Using the data below, transcribe exactly everything from the line that contains "Curtiss P-40F Tomahawk V09 RAAF 3D model" down to the line that contains "Monkey Banana’s Giant". Include both of those lines and none of the pictures.

Material provided:
● ● ● ● ● ● ●

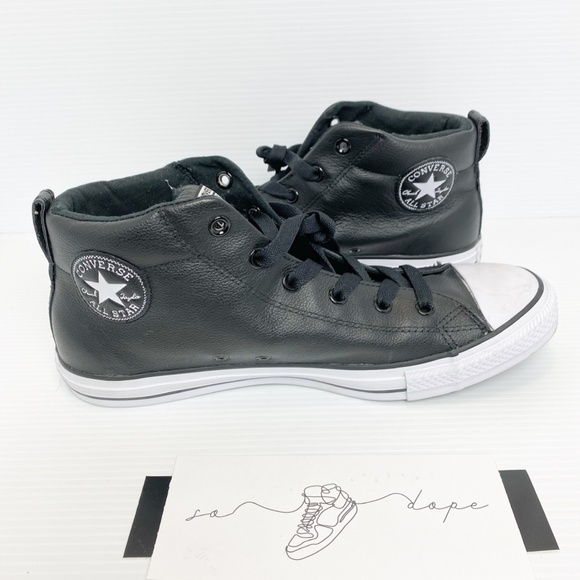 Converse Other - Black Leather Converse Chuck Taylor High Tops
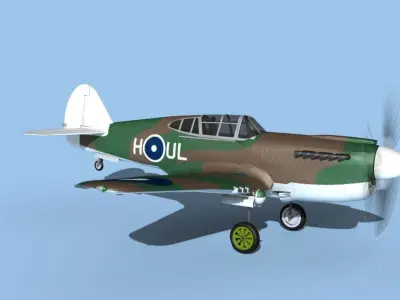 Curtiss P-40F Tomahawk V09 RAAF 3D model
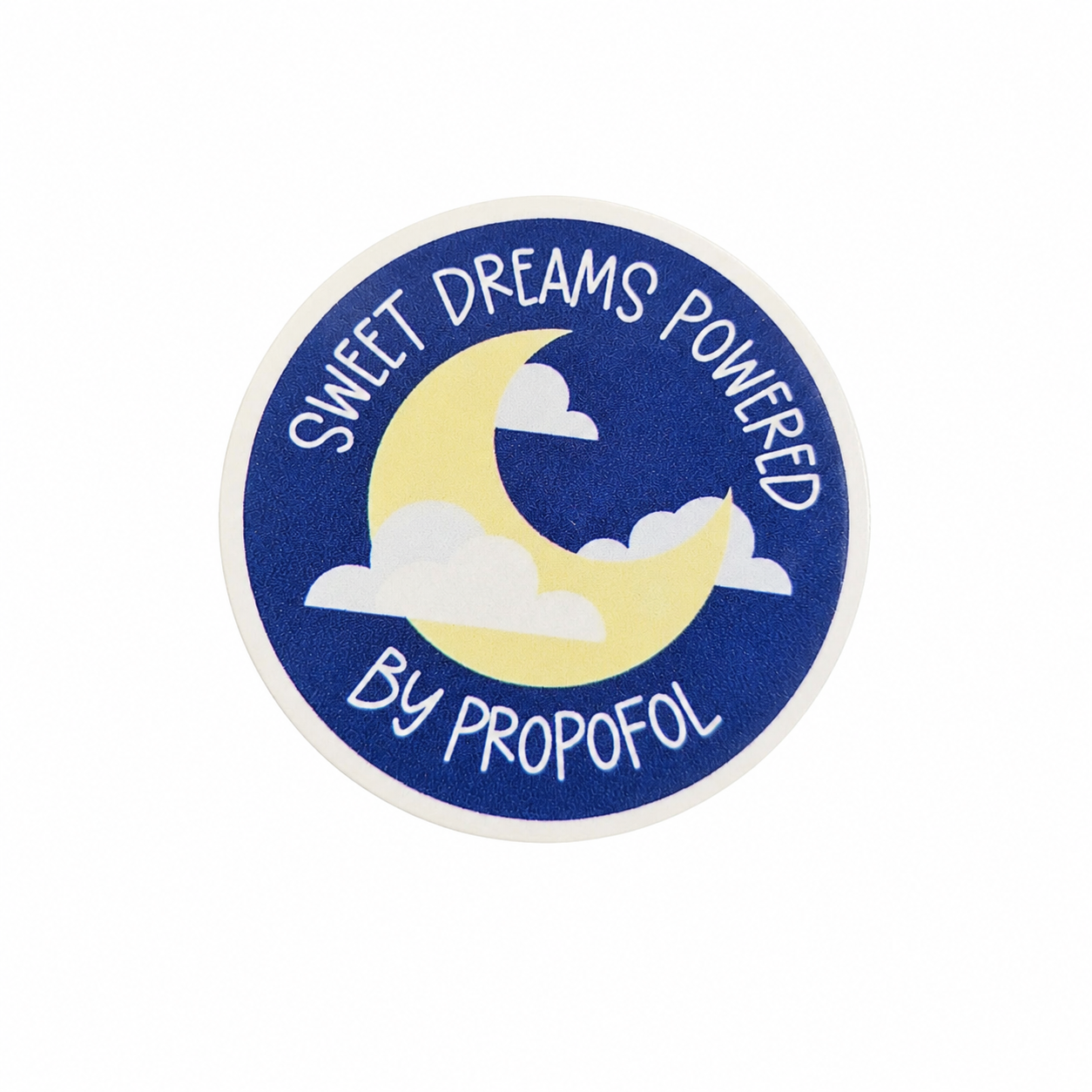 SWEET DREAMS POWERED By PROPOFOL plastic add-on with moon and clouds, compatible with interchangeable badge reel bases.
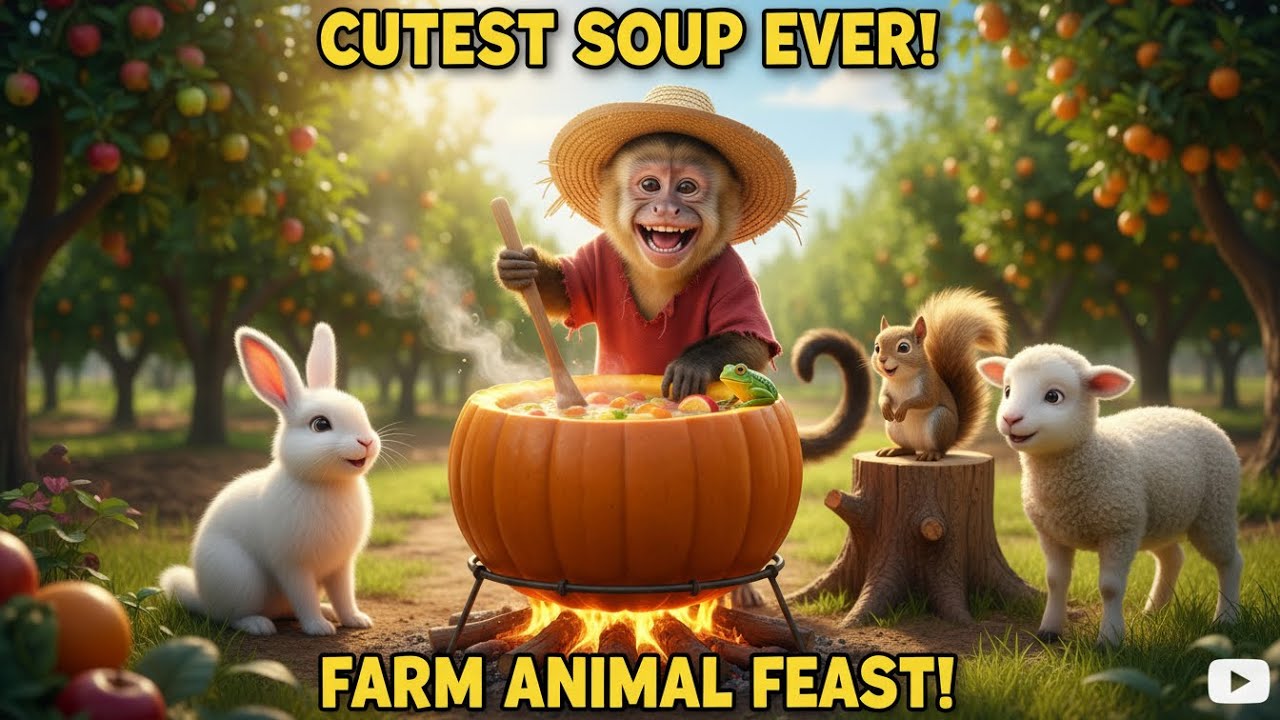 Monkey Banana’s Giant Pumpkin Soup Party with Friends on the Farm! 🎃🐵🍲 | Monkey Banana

● ● ● ● ● ● ●

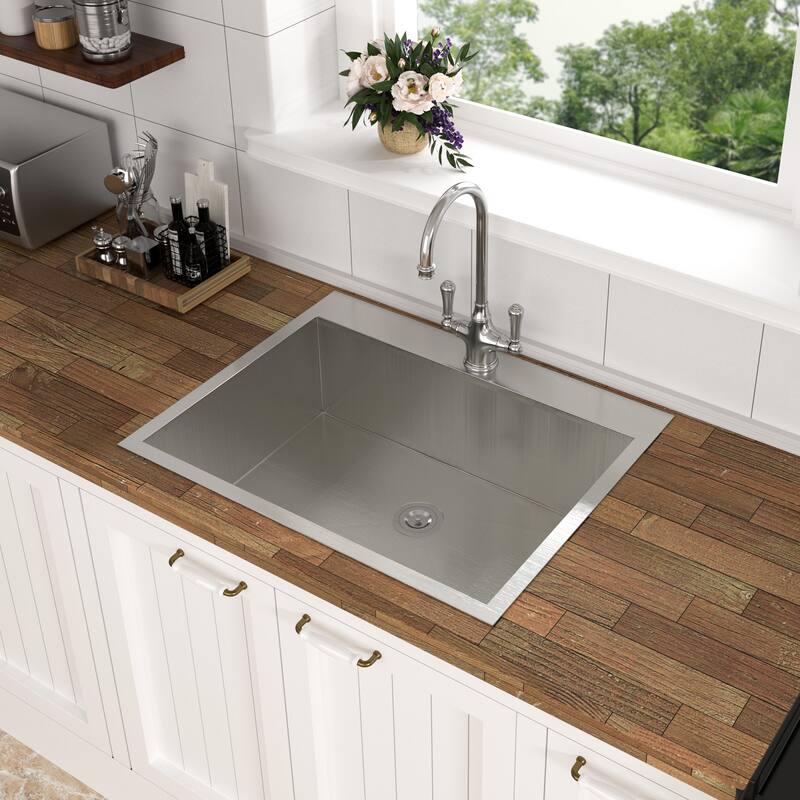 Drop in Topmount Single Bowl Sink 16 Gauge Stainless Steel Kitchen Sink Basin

● ● ● ● ● ● ●

Exercise solution:
 Curtiss P-40F Tomahawk V09 RAAF 3D model
 SWEET DREAMS POWERED By PROPOFOL plastic add-on with moon and clouds, compatible with interchangeable badge reel bases.
 Monkey Banana’s Giant Pumpkin Soup Party with Friends on the Farm! 🎃🐵🍲 | Monkey Banana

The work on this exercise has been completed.